On 12/17/2016 08:56 PM, Walter Dnes wrote:
I'm running Pale Moon. In an xterm, I did...
export SSLKEYLOGFILE=/dev/shm/sslkeylogfile.txt
...and launched Pale Moon manually from the commandline. nd visited a
couple of https sites. I did get /dev/shm/sslkeylogfile.txt which
begins with the line...
# SSL/TLS secrets log file, generated by NSS
Following that are a bunch of lines starting with...
CLIENT_RANDOM
...followed by a space, followed by 161 random hex-numeric characters
i.e. [0-9a-f].
I also saw a line beginning with...
RSA
...followed by a space, followed by 113 random hex-numeric characters
i.e. [0-9a-f].
If you plan to do this regularly, your program launcher will need to
launch bash scripts with seperate filenames for each profile. Maybe
append date-time stamp to filenames to avoid multiple sessions
overwriting each other.
As for privacy, there are the usual features, like...
* asking sites to not track (don't trust that)

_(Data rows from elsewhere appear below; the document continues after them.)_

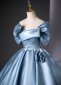 Women Blue Silk Satin Formal Gala Dress 1
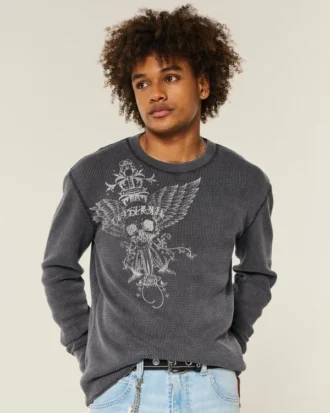 Termisk T-shirt med dødningehoved-print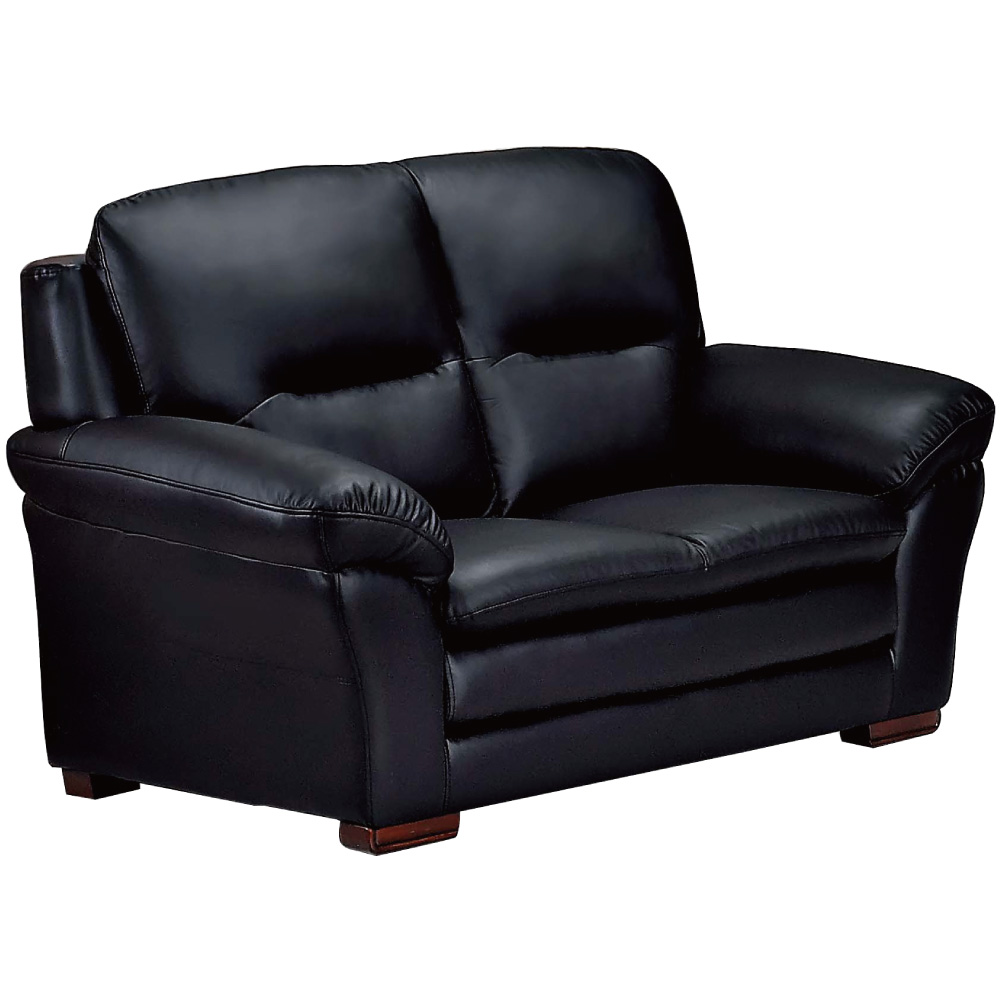 文創集 牛津現代黑半牛皮革獨立筒二人座沙發椅-161x90x100cm免組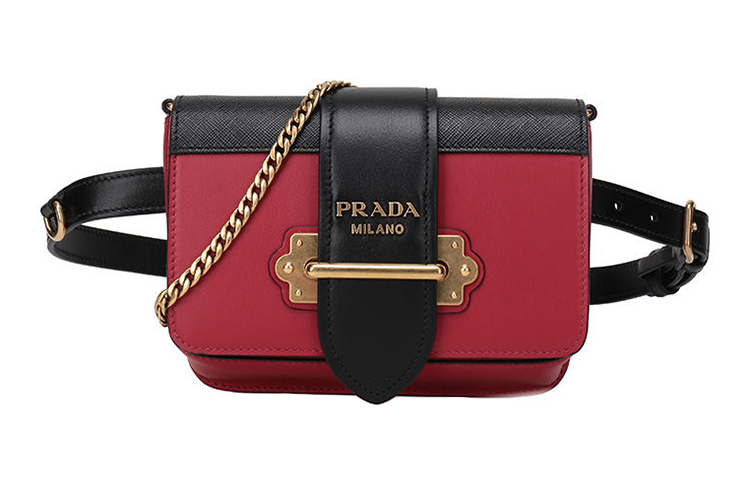 

PRADA Кожаная наплечная сумка через плечо поясная сумка женская красная черная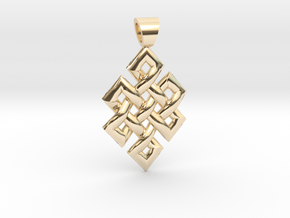 Flag knot [pendant] in 9K Yellow Gold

* control of which sites to accept/refuse regular cookies, and 3rd-party
cookies, from
* whether or not to clear browsing and download history
* private browsing session
random - I have always wondered why none of the "user respecting" forks
nor mozilla have any serious efforts to thwart browser fingerprinting,
private browsing session is simply a misnomer without it.